Bowyer has done a brilliant job in guiding Rovers to safety but the club should resist the immediate urge to name him as Michael Appleton's full-time successor.
Rovers draw a miserable season to a close on Saturday and, barring a 15-goal defeat at Birmingham, will then begin preparing for another season in the Championship. That is in no small part down to Bowyer's impressive display as caretaker boss, gaining 18 points from 11 league games in charge prior to the final game of the season. That is play-off form if replicated across the whole season.
Bowyer has taken everything in his stride and clearly has the respect of the supporters and, crucially, the players. He has been the calming influence the club has needed in a season of turmoil. When everything else at the club was going wrong, he was the one who steadied the ship and ensured that Rovers performed when it mattered on the pitch. He has a deep affection for Rovers and has rescued the club in its hour of need.
A large proportion of the Rovers support want Bowyer to be manager when the new season kicks off in August. Several senior players have also called for the Ewood Park board to hand Bowyer the reins. But after the shambles of having five managers this season, Rovers need to ensure they get the next appointment right. They need to take their time and interview all prospective candidates. If Bowyer applies and is the best candidate after that process, then his appointment would be welcomed - if he wants the job. That remains a big IF. Bowyer seems to be more comfortable in a coaching capacity and takes immense pride in developing young players, indicated by his recent comments about Manchester United's Phil Jones.
There is also the concern that Bowyer will be given the job, only to lose it again a few months later if results falter. Blackburn need people like Bowyer at the club. Better to have him as a coach for years to come than to get just a few months out of him as a manager. Rovers don't have the best record in promoting coaches to managers either (Harford and Kean immediately spring to mind).

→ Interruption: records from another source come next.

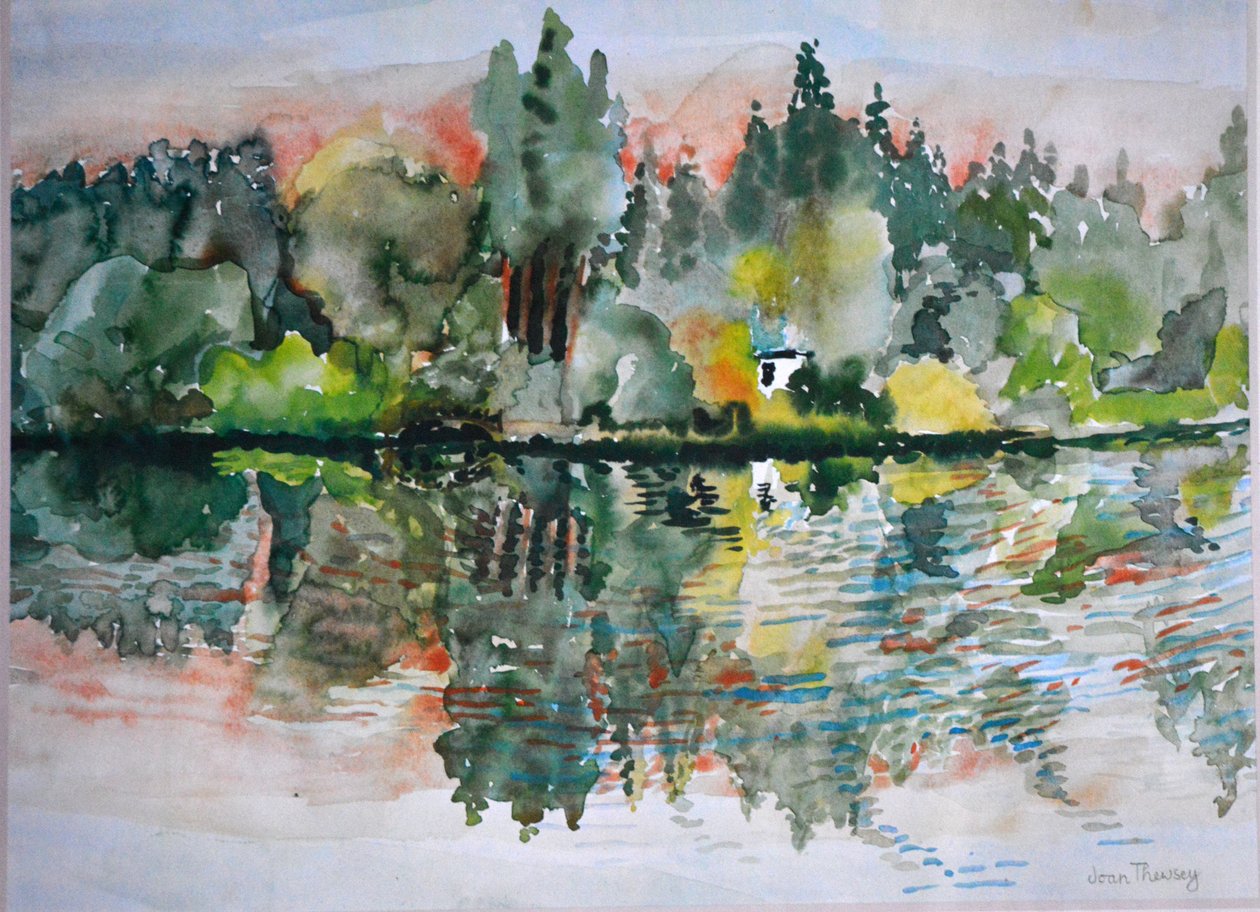Søen ved solnedgang, Bremes les Ardres, 2000, af Joan Thewsey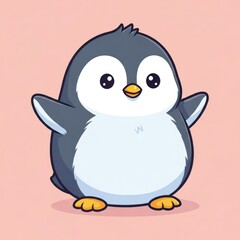 Obraz premium Cute Cartoon Penguin Illustration on Pink Background.
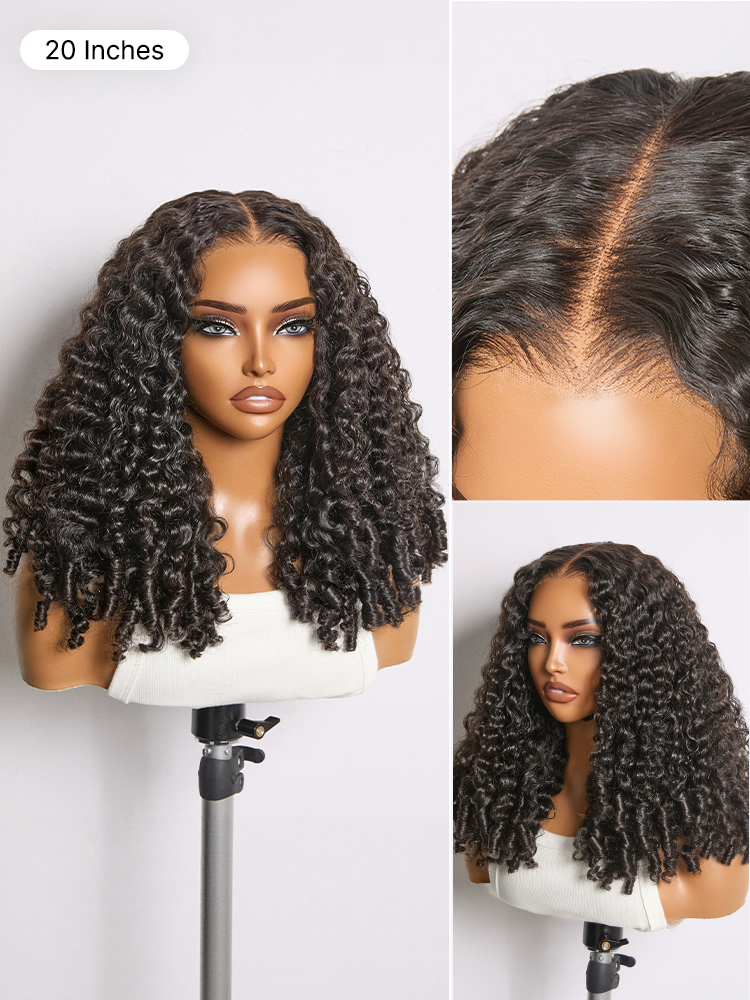 180% Density Burmese Curly Finger Coil Ends Glueless 5x5 Closure HD Lace Wig Pre-Cut Lace - Limited Time Offer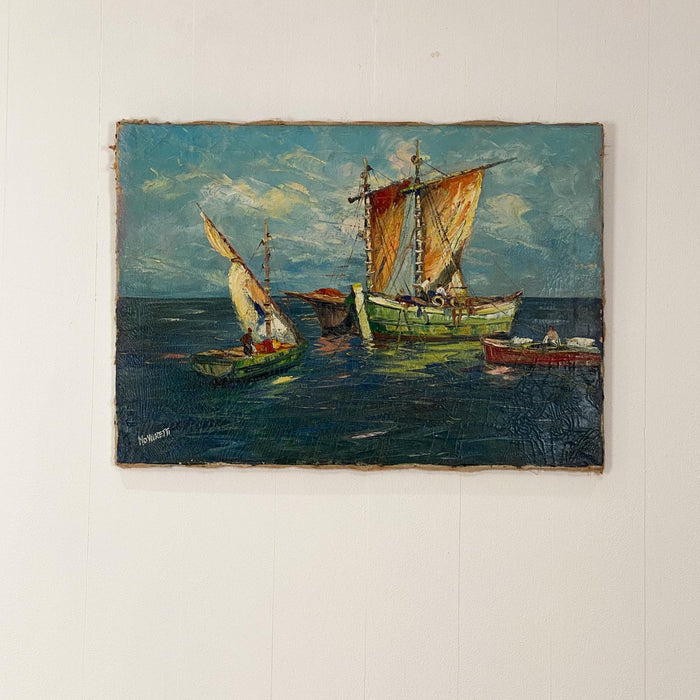 Circa 1950 Trade Ships Oil on Canvas, Italy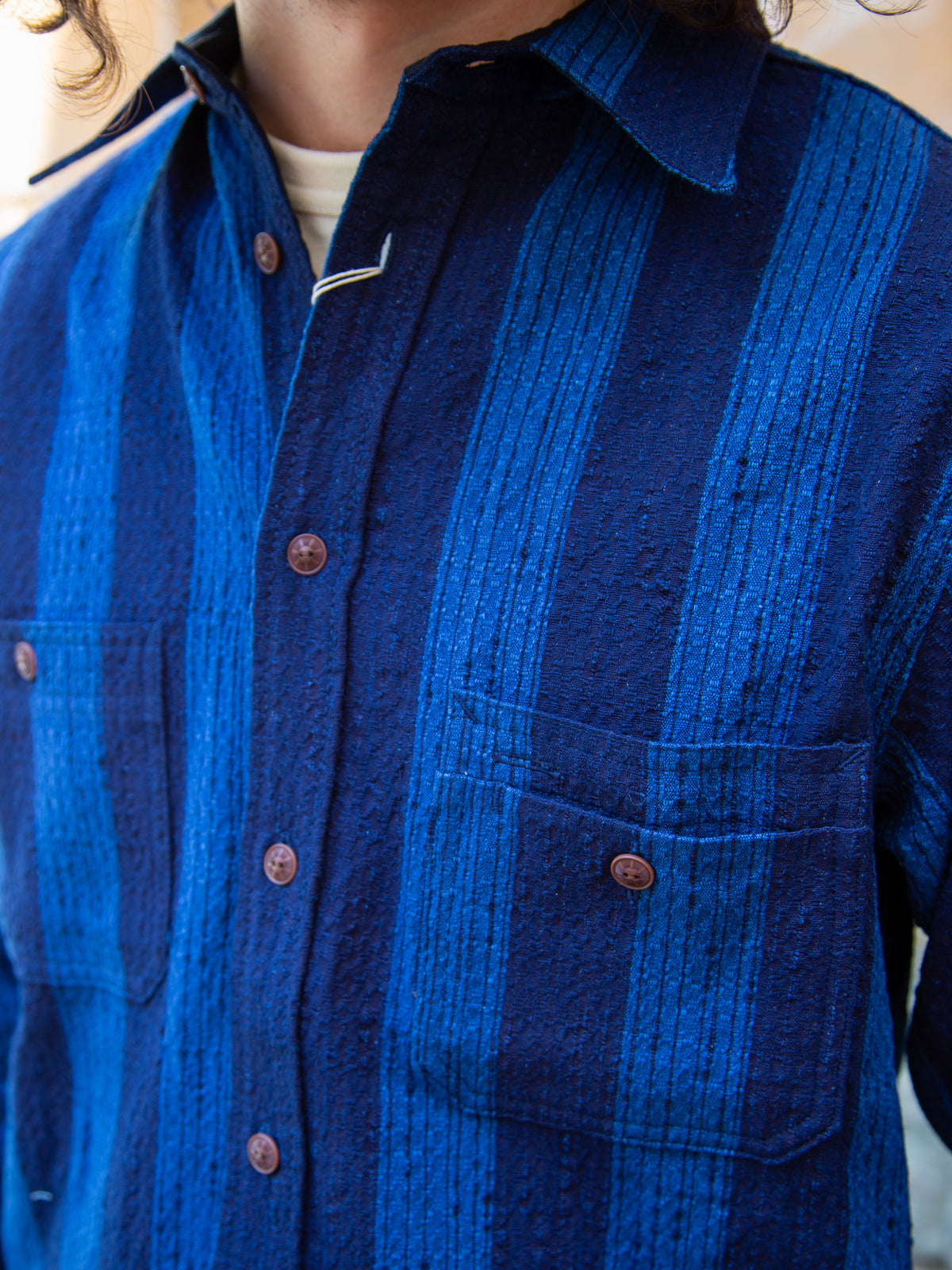 Samurai Indigo Kasuri Striped Check Work Shirt (SSS22-KSR-OVS)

Is it a risk worth taking?
Before any of that can happen, Rovers need to sort out the on-going boardroom battle. Following the admission in court last week from the club's lawyers that Rovers are "out of control", it is clearer now than ever that the club is completely rudderless. Venkys are seemingly at war with the MD Derek Shaw, Global Advisor Shebby Singh spouts poisonous drivel before going into hiding for weeks on end and Paul Agnew talks a lot, without saying anything interesting or worthwhile.

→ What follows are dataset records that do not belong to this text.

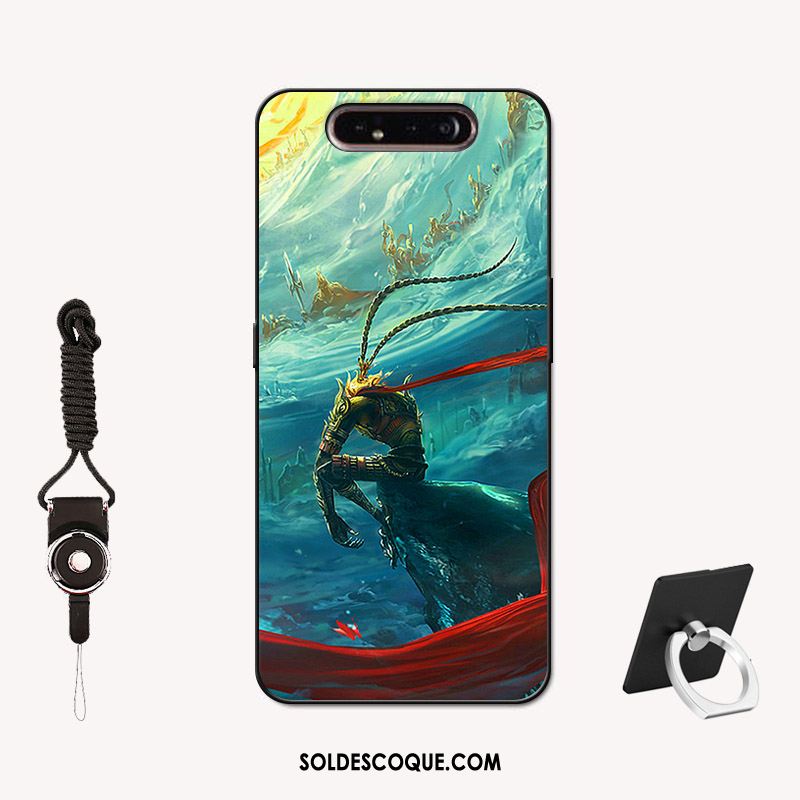 Coque Samsung Galaxy A80 Antidérapant Bordure Délavé En Daim Téléphone Portable Incassable En Vente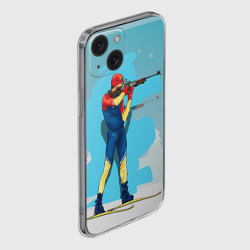 Чехол для iPhone 15 силиконовый с защитой камеры Биатлон - фото 2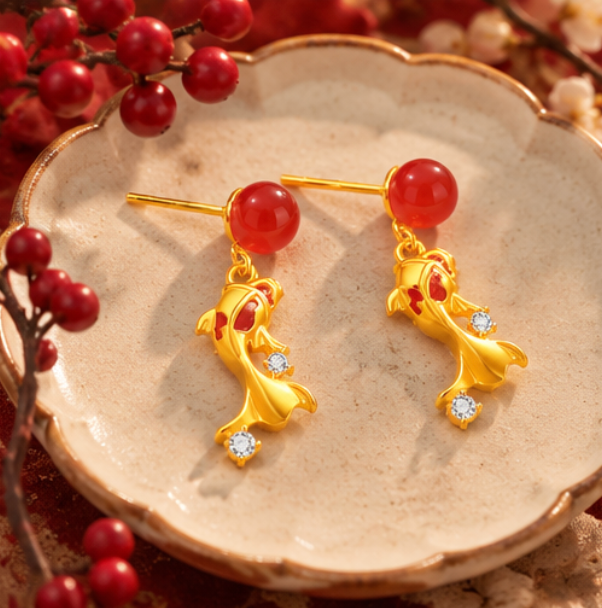 Pendientes Koi de Ágata Roja y Circonitas · Plata 925 bañada en oro
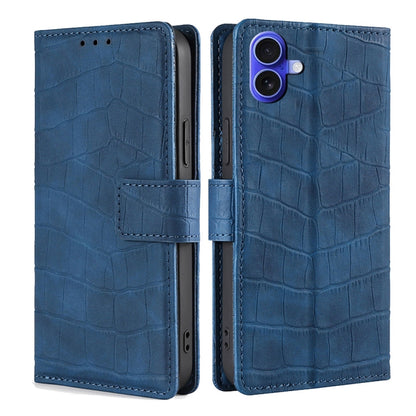 For iPhone 16 Plus Skin Feel Crocodile Magnetic Clasp Leather Phone Case(Blue) - iPhone 16 Plus Cases by buy2fix | Online Shopping UK | buy2fix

Would you trust this lot to appoint the right manager? And who in their right mind would want to work for them?
Applications will of course come in for the managerial position - there are more managers than jobs (and they might fancy a pay off after 57 days in the hot seat) - but it will all be fruitless if the situation behind the scenes is preventing the manager from doing his job properly, which it clearly is.
The ideal scenario is Venkys finally admitting they do not know what they're doing with a football club and selling up, with Shaw, Agnew and Singh following them out of Ewood Park. In reality, that is very unlikely to happen.
I expect Rovers to begin next season with Venkys as owners, Singh still causing mayhem and without Shaw and Agnew in the boardroom. It is a sobering thought. The owners are so unpredictable and unreliable, it is anyone's guess who they will name as manager - and we shouldn't be surprised by rumours Danny Murphy is being considered as player manager.
A personal opinion is that Bowyer will remain at the club, but as a coach or assistant manager. Venkys will be convinced (probably by Singh and certain agents) to give the big job to someone else.
As a club, Rovers have some big decisions to make this summer. It's a crying shame those in charge seem incapable of making them and getting them right. Bowyer may be better off out of the firing line.